Да, пожалуй, с того и началось, что Качинский без стеснения — как все он делал — дважды щелкнул старика по носу.
— Должен вам сказать, что моя приверженность «северным письмам» мне в копеечку влетает, — он усмехнулся. — И мне не совсем ясно, как смогут увлекаться сим предметом наши студиозиусы. Да и нужно ли им…
Качинский сделал какое-то неуловимо-презрительное движение плечами, и — да, да, именно в эту минуту! — Ирина поняла, как сильно изменилась она, какую опасную терпимость принесли ей годы, как старается она не спорить.
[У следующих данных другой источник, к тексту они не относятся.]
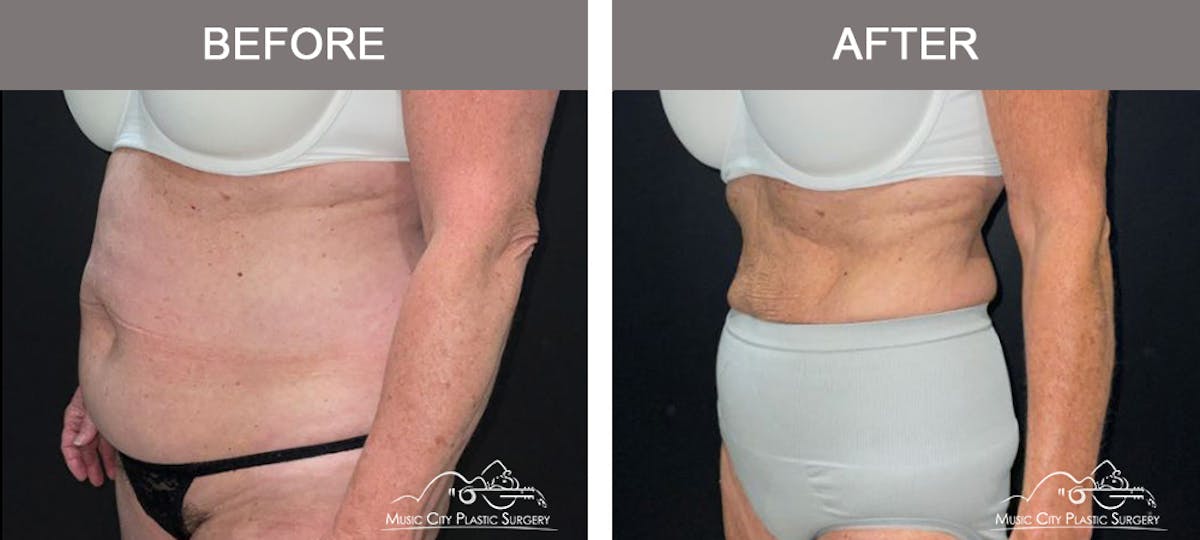 Weight Loss Injections Before & After Gallery - Patient 396510 - Image 4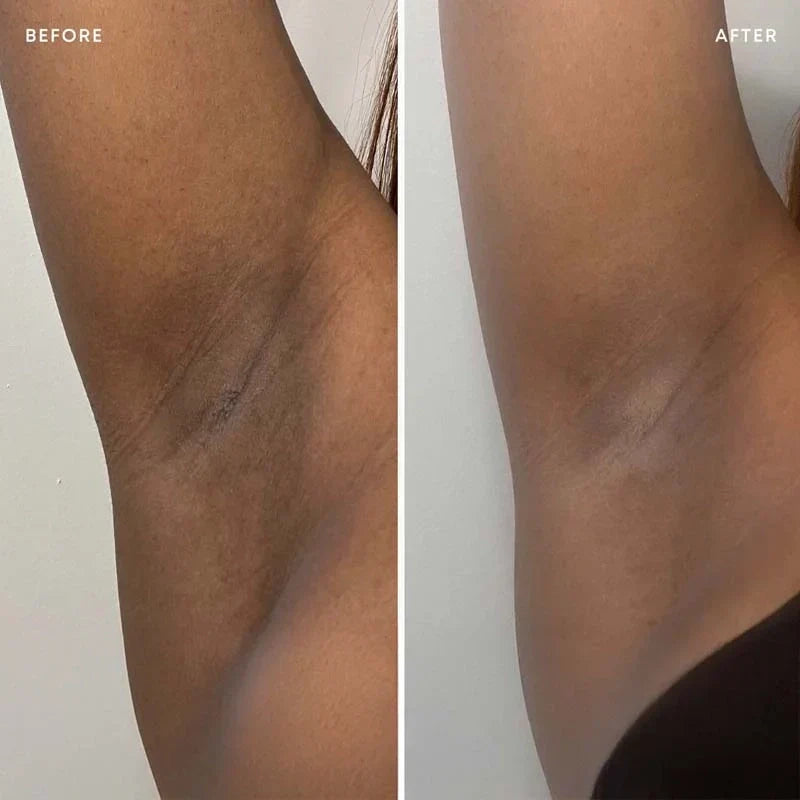 Calluve Turmeric + Kojic Acid Brightening Deodorant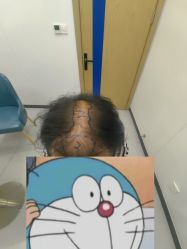 -大麦微针植发全国连锁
Но ведь в том беда, что когда ты устал, когда ты даже вправе хотеть покоя, от многого можно сторониться…
Если б раньше, если б моложе — разве стерпела бы она эти щелчки?
Старичок смотрел пытливо, сложив высохшие ручки. Многое вытерпел. Вытерпит и это…
Однако скрытое смятение Ирины не укрылось от Качинского.
— Впрочем, это ваше дело. У каждого свое хобби, — сказал он, и голос его, хорошо отработанный голос лектора, на этот раз прозвучал почти сочувственно и уважительно. — В конце концов, если мне нравится собирать древнюю живопись, почему вам не может нравиться писать о ней?
Они расстались вроде бы и не поспорив, но воспоминание о битом Дионисии Глушицком из Кирилло-Белозерского монастыря с тех пор не раз тревожило Ирину.
…Еще десять малых шагов от окна к шкафу, от шкафа к столам. Как там Трофимов?